[What to work on]:
Leave out the pictures and restate the rest of the data exactly.

Collected data START

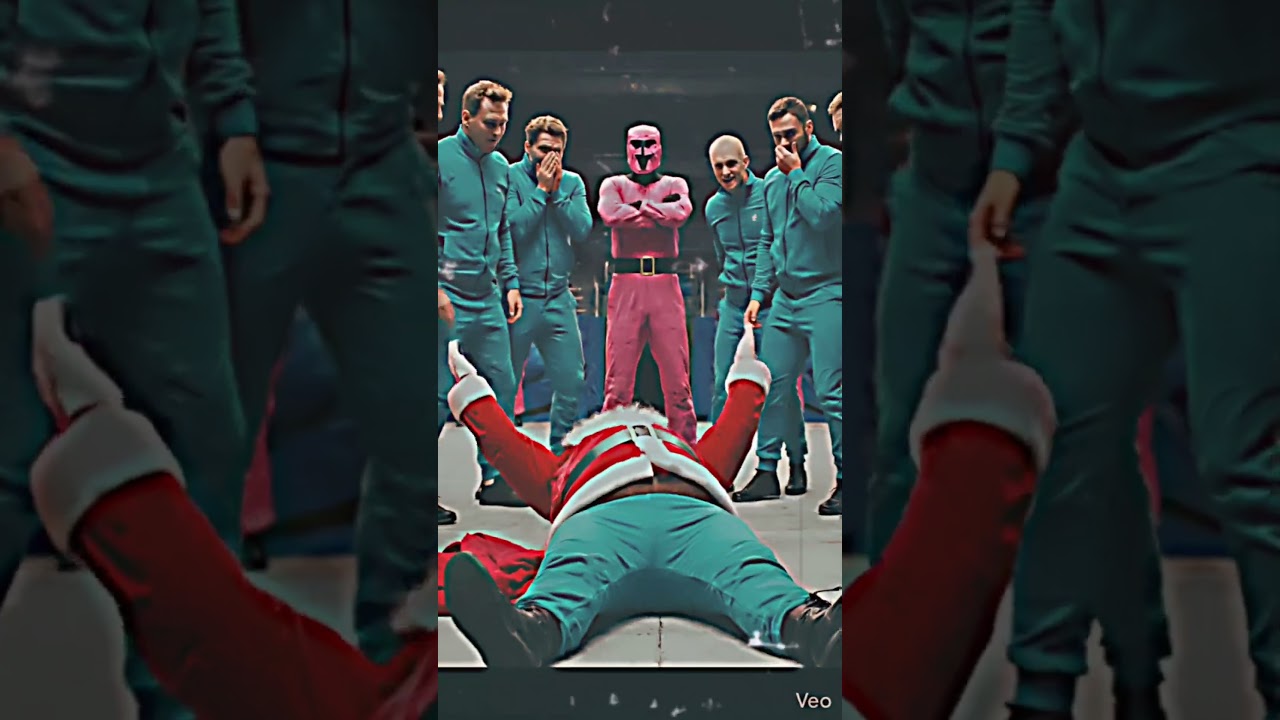 Санта в мире Игры в кальмара | Вся история целиком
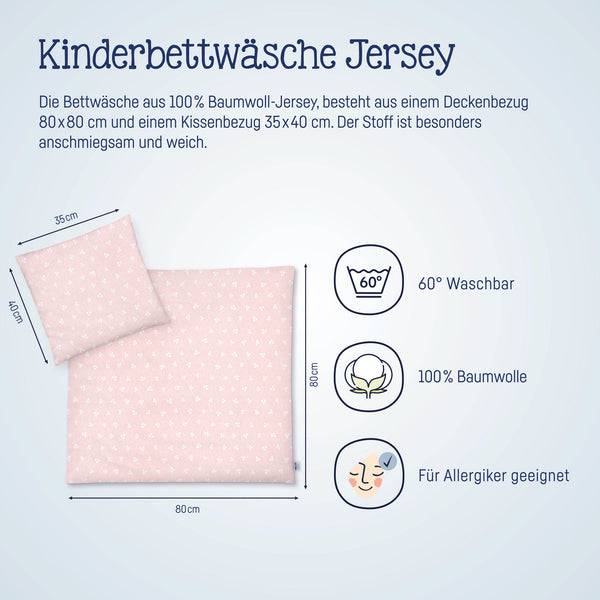 Julius Zöllner Jersey Bettwäsche Leafy Super Sparpreis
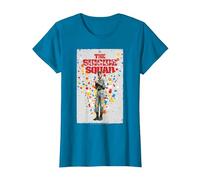 The Suicide Squad Polkadot Man Poster Camiseta, Mujer, Zafiro, M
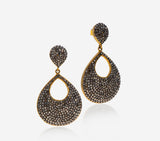 Nava Zahavi Diamond Pavé Statement Earrings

Collected data END

[The answer]:
 Санта в мире Игры в кальмара | Вся история целиком
 Julius Zöllner Jersey Bettwäsche Leafy Super Sparpreis
 The Suicide Squad Polkadot Man Poster Camiseta, Mujer, Zafiro, M
 Nava Zahavi Diamond Pavé Statement Earrings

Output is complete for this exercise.